On Evergreen and SI, everything is lowered to a barrier instruction in fact (for
now).
I plan to add the necessary transformations in a following serie of patches.

Tested on Evergreen (Cedar) only.

(It's my first patches to an open-source project, so don't hesitate to point me my
mistakes/errors/indentation problems etc :slight_smile: ).

Sincerely,
Damien Hilloulin.

[1/3] Addition of the new intrinsics in AMDGPUIntrinsics.td
     This patch adds the definitions of the intrinsics used for
     barriers/memory fences support.
[2/3] Stubs implementation of the new intrinsics on Evergreen
     This patch adds some stubs to provide a first implementation of the
     intrinsics for barriers and memory fences on EG. The barrier.nofence()
     intrinsic is the only intrinsic correctly implemented (for sure)
     with this patch. Maybe the barrier.local() intrinsic can be
     considered ok like this as the LDS memory is atomic. The other
     intrinsics need to use WAIT_ACK in some way and that we modify
     the surrounding memory operations with ACK.
[3/3] Stubs implementation of the new intrinsics on Southern_Islands
      This patch is a first implementation of the newly added
      intrinsics for barriers/memory fences on SI. For ultra-simplicity, every
      intrinsic is lowered to a barrier with no fence.

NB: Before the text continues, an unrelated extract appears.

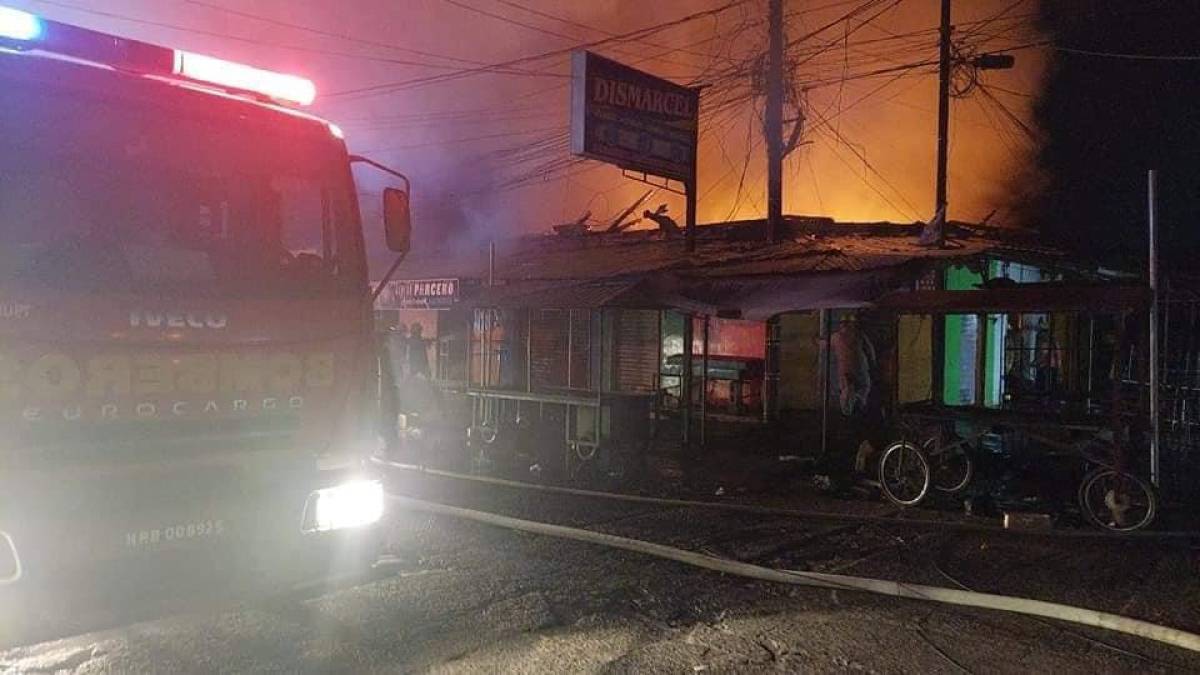 Pavoroso incendio consumió cinco negocios en mercado de Choluteca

  lib/Target/R600/AMDGPUIntrinsics.td | 11 +++++
  lib/Target/R600/EvergreenInstructions.td | 69

Hello LLVM developers,

This serie of patches aims at defining the new intrinsics necessary to my libclc
serie of patches to implement barriers/memory fences on AMDGPUs.
This patch serie only provides stubs implementations of the necessary intrinsics.
For example, on evergreen hardware, we would need to modify the read/writes
surrounding operations (placed before or in the same loop) so that they make
an ACK when completed.
On Evergreen and SI, everything is lowered to a barrier instruction in fact (for
now).
I plan to add the necessary transformations in a following serie of patches.

Tested on Evergreen (Cedar) only.

(It's my first patches to an open-source project, so don't hesitate to point me my
mistakes/errors/indentation problems etc :slight_smile: ).

To point out the obvious, patches should always be accompanied by testcases that exercise the new functionality.

thanks,
adrian